Now let's look at the logic for Sen. Graham to assume the worst about Iranian intentions. I can only assume Graham reached his conclustion through an assessment of Iranian governmental players and his information on the nuclear program. And yet ... I can't help noticing that Graham's position fits the familiar Republican tougher-than-thou formula as most GOP foreign policy positions.

So with this view of Iranian intentions, Lindsey Graham presumably dismisses Iran's official line about a keeping on the civilian side of the nuclear line. My question, then, is whether it's smarter for the United States and others to toss aside Iran's promise not to build a bomb, or hang onto that pledge as the standard by which we measure their behavior. Aside from political posturing, is it really in America's interests to completely discount Tehran's stated intentions?

Let's be clear about what our alternatives are here. When I argue against assuming the worst, I'm not saying that we take Iranian statements about remaining a non-weapon state at face value. Like I said a few paragraphs ago, the point of diplomatic negotiations is to define -- and verify -- the parameters of Iran's civilian nuclear activities. In fact, I look at President Obama's policy on Iran as an effort to keep the burden of proof on the Iranians. Now over on the side of assuming the worst, that seems to me like a conclusion that diplomacy is futile. If Senator Graham and other conservatives believe Iranian leaders are determined to build the bomb, does that mean war is inevitable?  I think so.

And this is the point of the other quotation from the national intelligence director cited in Eli Clifton's Think Progress post, that Iran's course is not yet set and still susceptible to diplolmatic pressure: 

We judge Iran’s nuclear decisionmaking is guided by a cost-benefit approach, which offers the international community opportunities to influence Tehran. Iranian leaders undoubtedly consider Iran’s security, prestige, and influence, as well as the international political and security environment, when making decisions about its nuclear program.

The very possibility of a peaceful solution hinges on whether you believe an Iranian n-weapon is still an open question in Tehran.

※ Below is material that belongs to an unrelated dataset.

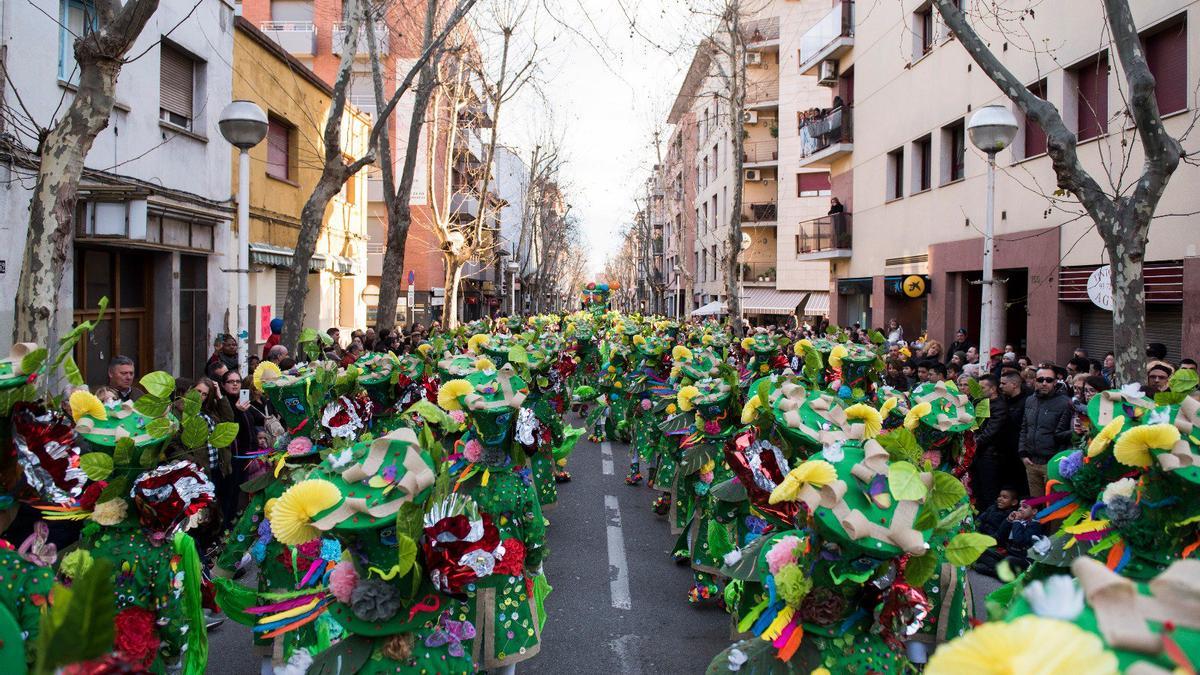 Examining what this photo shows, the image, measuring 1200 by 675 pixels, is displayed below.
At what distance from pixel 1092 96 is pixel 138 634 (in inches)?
550

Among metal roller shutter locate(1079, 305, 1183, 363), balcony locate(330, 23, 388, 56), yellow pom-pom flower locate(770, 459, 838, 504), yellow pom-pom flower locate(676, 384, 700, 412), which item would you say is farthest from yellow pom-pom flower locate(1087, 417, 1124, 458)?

But the issue at the heart of legislative efforts by Senator Graham and others is a different one. Recalling once again, negotiations with Iran must specify how far down the nuclear technological road they are, i.e. the fate of Iran's uranium enrichment activities. For the hard-liners in the Senate, the only acceptable answer is that Iran will be not one step down the nuclear road -- that they must walk their technical efforts all the way back. It is a Boltonesque approach that insists on the other side's total capitulation. 

As the clamor for war with Iran grows louder and louder, we must be clear what's at stake. If you were paying only faint attention to this debate (as most voters probably are), you'd think it's about keeping Iran from building nuclear weapons. But senators have been pushing to set the bar much higher, the kind of stringent requirements that make diplomacy impossible and war inevitable. Americans need to know the real question here: are you willing to go to war in order to stop Iran from spinning their centrifuges to enrich uranium?